Liesel Jobson writes with an intense, explicit sense of self-awareness that almost overpowers the reader who picks up her book – if not the author herself.
She admitted as much to the audience in a reading of her latest collection of short stories, Ride the Tortise, at the Wartenweiler Library’s Writing Center on Wednesday evening.
Asked why she had not yet ventured into the longer novel form, the author, musician, and photographer thought carefully before explaining the mental process of her writing:
“It’s not that I get bored [with longer writing], I get bewildered… You see, I come to writing as a poet, and you want one word that works in a number of dimensions. I find myself looking for the metaphors in ordinary situations.”
It is this quality, of bewildering self-awareness and self-reflection; of multiple and profound meaning; and the way in which it reveals itself in ordinary moments and encounters, that pervades the characters of Jobson’s stories as much as it provides the thematic thread of her prose.

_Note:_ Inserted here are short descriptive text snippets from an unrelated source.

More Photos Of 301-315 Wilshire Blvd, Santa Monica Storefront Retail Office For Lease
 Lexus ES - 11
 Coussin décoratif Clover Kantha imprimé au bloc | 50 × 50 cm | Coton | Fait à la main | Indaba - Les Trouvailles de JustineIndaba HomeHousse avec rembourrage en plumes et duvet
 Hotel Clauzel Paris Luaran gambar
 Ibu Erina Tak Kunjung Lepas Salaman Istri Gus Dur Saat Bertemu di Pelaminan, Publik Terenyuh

The result, which one reviewer describes as “hypnotic honesty”, is a collection of
unconventional narratives, that rather than handing the reader the relief of sensible resolutions or “endings”, provides something more complicated.
Jobson does not merely zoom in on the complexities of being human- of being a subject who feels, remembers and dreams, creates and destroys.
What she does is go beyond the anthropological gaze that some (rightly or wrongly) associate with realism, to offer her reader the disjointed, jarring confrontations with the self; with the elusive inner being.
Jobson attributed her uncanny eye for detail to the time she spent learning about and practising photography.
“A camera offers a way to get into focus with yourself… [and] those little decisions you make as a photographer about what to capture and in what kind of light,” she said.
Ride the Tortise certainly brims with “living stills”. Jobson’s keen observation and imagination combining like aperture and shutter speed to produce “per-second” frames of the unpredictable human experience.